Mos 6-9). Moses entrinnt als Kind dem grausamen Befehle des Königs,
verbringt die Jugend in Ägypten, fastete 40 Tage vor der Gesetzgebung
auf Sinai (Christus vor der Verkündigung seines Evangeliums), befreit
die Israeliten aus der Knechtschaft und führt sie ins gelobte Land
(Christus befreit uns aus der Knechtschaft des Teufels und führt uns
in die Kirche ein), wirkt Wunder zur Bekräftigung seiner göttlichen
Sendung, betet beständig für das Volk, erscheint auf dem Berge
Sinai (Christus auf dem Berge Tabor) mit strahlendem Angesichte und ist
der Mittler des Alten Bundes (Christus des Neuen Bundes) (2. Mos.). - Der
Erzengel Raphael steigt vom Himmel herab, um einen Menschen (Christus und
die ganze Menschheit) zu leiten, verkehrt lange Zeit mit ihm (Christus
33 Jahre), befreit von der Blindheit (Christus von der geistigen) und vom
Teufel (Tob.).
3.) Vorbild seines Priesteramtes: Melchisedech.

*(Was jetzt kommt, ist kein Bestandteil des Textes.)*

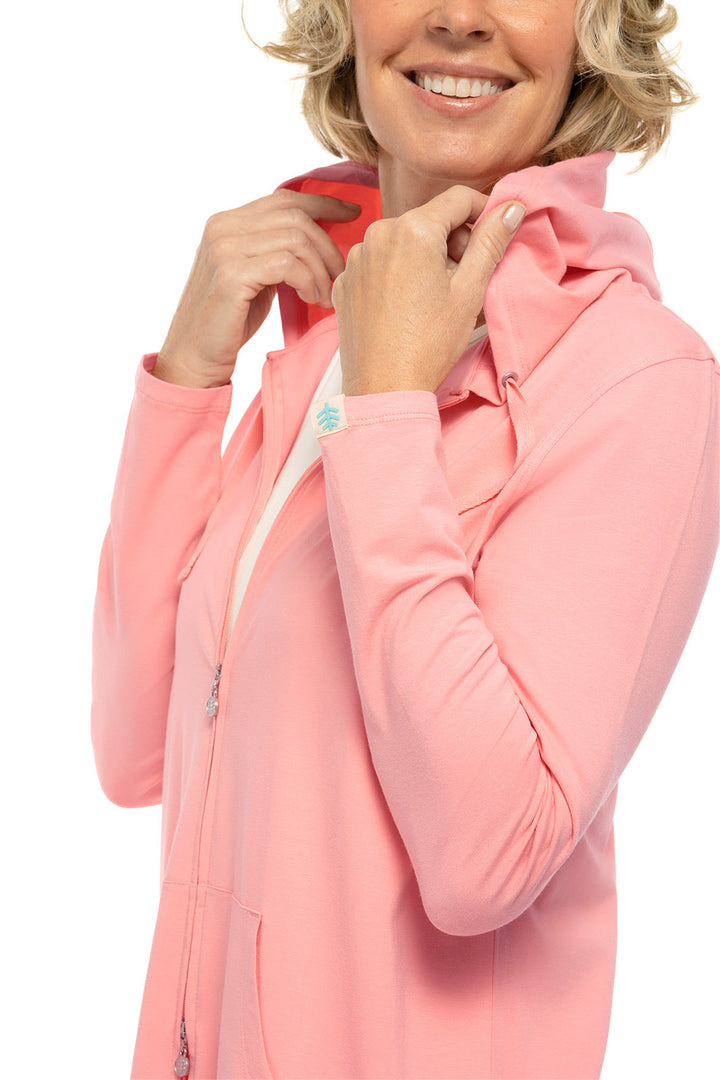 Women's Cabana Hoodie | Peachy Pink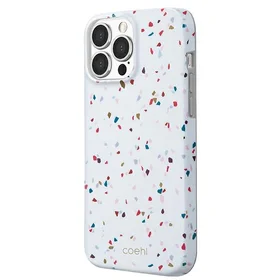 Uniq Coehl Terrazzo dėklas telefonui iPhone 13 Pro Max - balta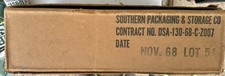 1968 SEALED CASE OF MCI Vietnam War C Ration Box 12 Meals Original picture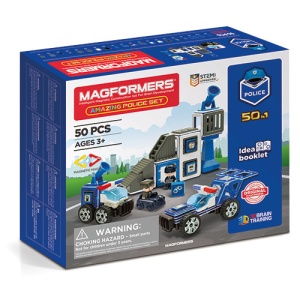Set magnetic Magformers, Uimitorul set de politie - Img 8
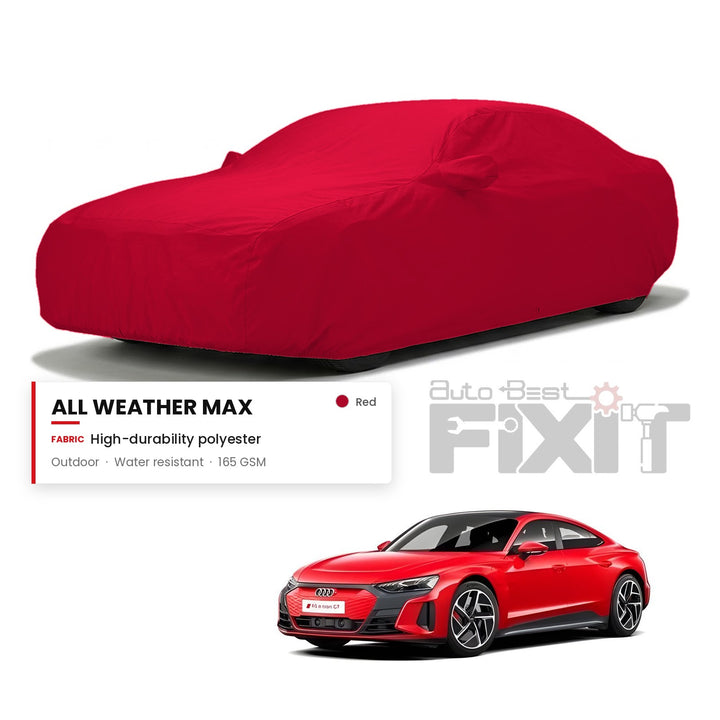 Audi e-tron GT Car Body Cover Waterproof, Scratch Proof with Cotton Lining, Mirror & Antenna Pockets
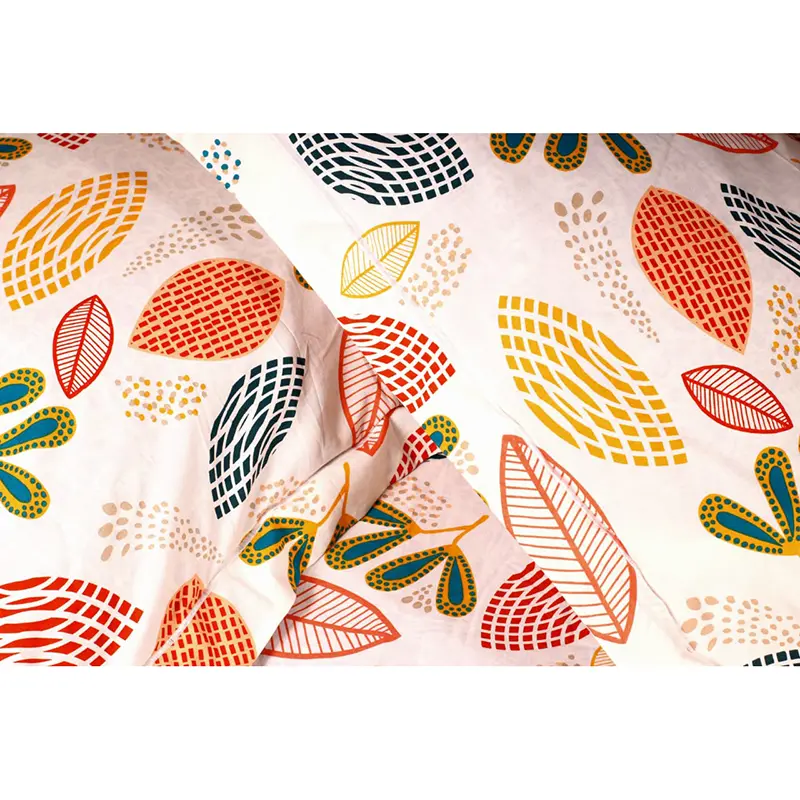 Picture of 100% Premium Cotton Bedsheet.  Set Includes 1 Bedsheet and 2 Pillow Covers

Melchisedech, d. h. König der Gerechtigkeit, war König
von Salem, d. h. König des Friedens (auch Christus ist der ewige König
der Gerechtigkeit und des Friedens); er opfert Brot und Wein (1. Mos. 14).

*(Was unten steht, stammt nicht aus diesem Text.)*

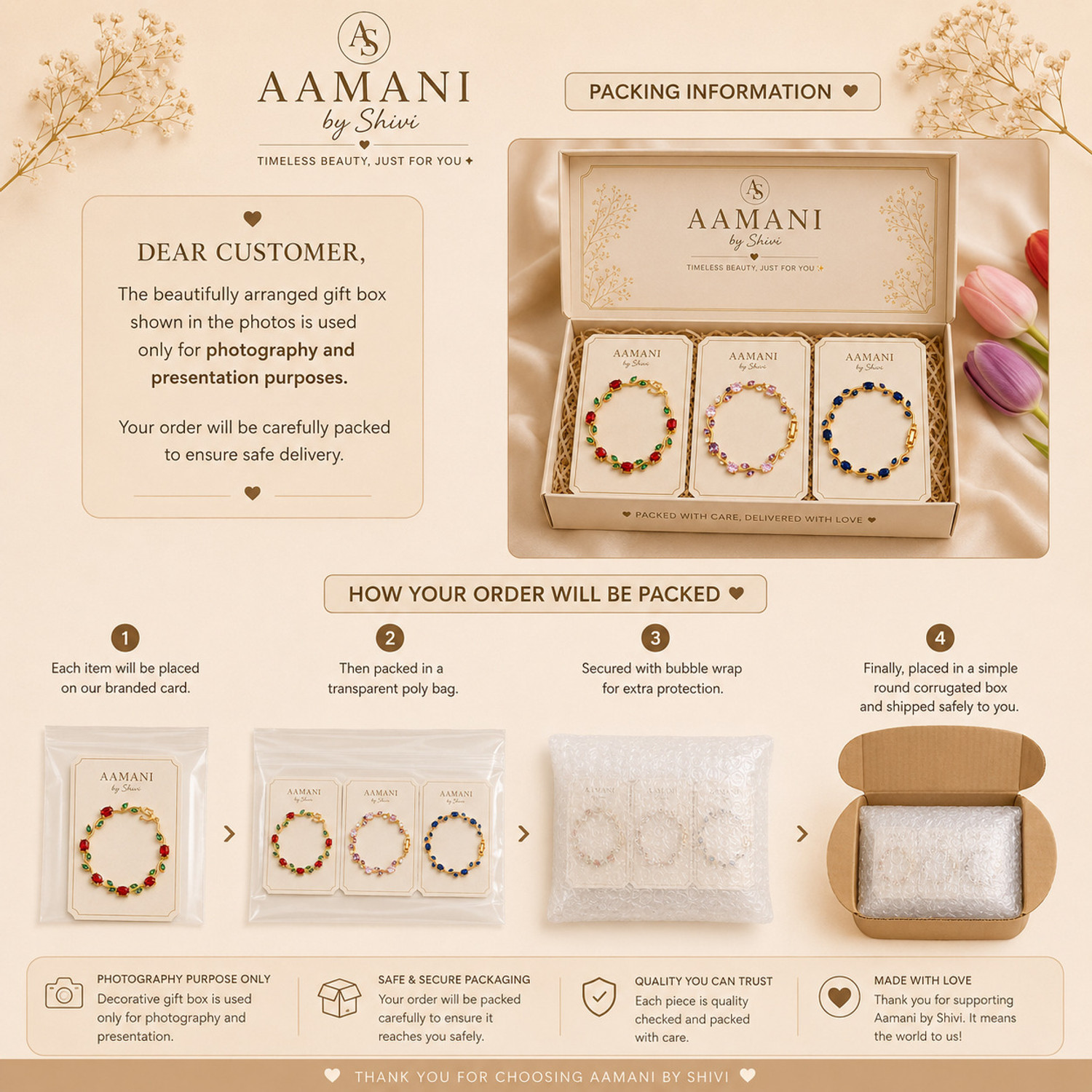 Image of Aamani Producation Alloy Gold-plated Bracelet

4.) Vorbild seiner Auferstehung: Jonas.
Jonas ist drei Tage im Bauche des Fisches (Christus im Schoße
der Erde, Mt 12,40) und predigt den Ninivitern Buße (Christus den
Juden) (Jon.).
Vorbild seiner Kirche: die Arche.
Die Arche rettete durch das Holz die Menschen vor dem leiblichen
Tode (ebenso rettet uns die Kirche vor dem ewigen Tode, indem sie uns die
Verdienste des Kreuzesholzes zuwendet). Außerhalb
der Arche gab es keine Rettung (auch außerhalb der Kirche ist kein
Heil). In der Arche sind Geschöpfe aller Art (in der Kirche
sind alle Völker). Die Wogen hoben die Arche nur mehr zum Himmel empor
(die Verfolgungen läutern und kräftigen die Kirche). Die Arche
blieb auf einem Felsen stehen (die Kirche ist auf dem Felsen Petri erbaut)
(1. Mos 7 ff.).
5.) Vorbild des hl. Altarssakramentes:
das Manna.
Das Manna hat eine weiße Farbe (auch die Hostie), kommt täglich
früh vom Himmel (Christus, der jetzt im Himmel ist, kommt täglich
früh auf unsere Altäre), ist süß wie Honig (das hl.

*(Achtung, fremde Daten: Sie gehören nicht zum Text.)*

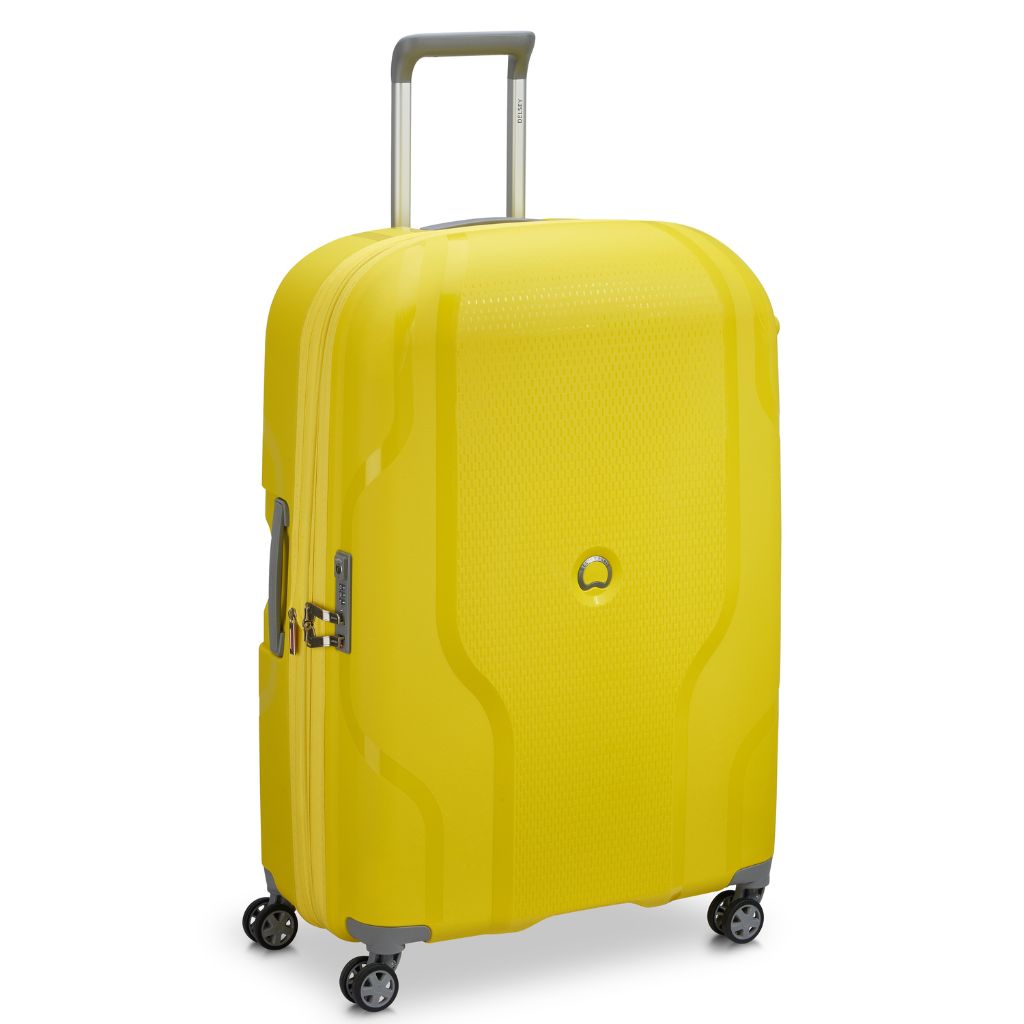 Delsey yellow luggage on sale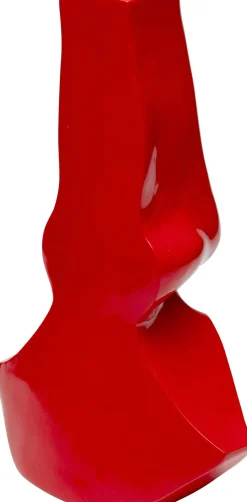 Wazon Dekoracyjny Czerwony Usta 25x38 Cm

Altarssakrament die Seele), dauert nur während des Aufenthaltes in
der Wüste (das Altarssakrament nur während der Dauer unserer
irdischen Wanderschaft). Doch ist zwischen beiden ein Unterschied; das
Manna gab wohl Kraft dem Leibe, aber nicht der Seele. Das hl. Altarssakrament
aber gibt Kraft der Seele und schützt dadurch vor der Todsünde.
Daher sprach Christus zu den Juden: „Eure Väter
haben das Manna in der Wüste gegessen und sind gestorben ... Wer aber
von diesem Brote ißt, der wird leben in Ewigkeit" (Joh 6, 49 ff.).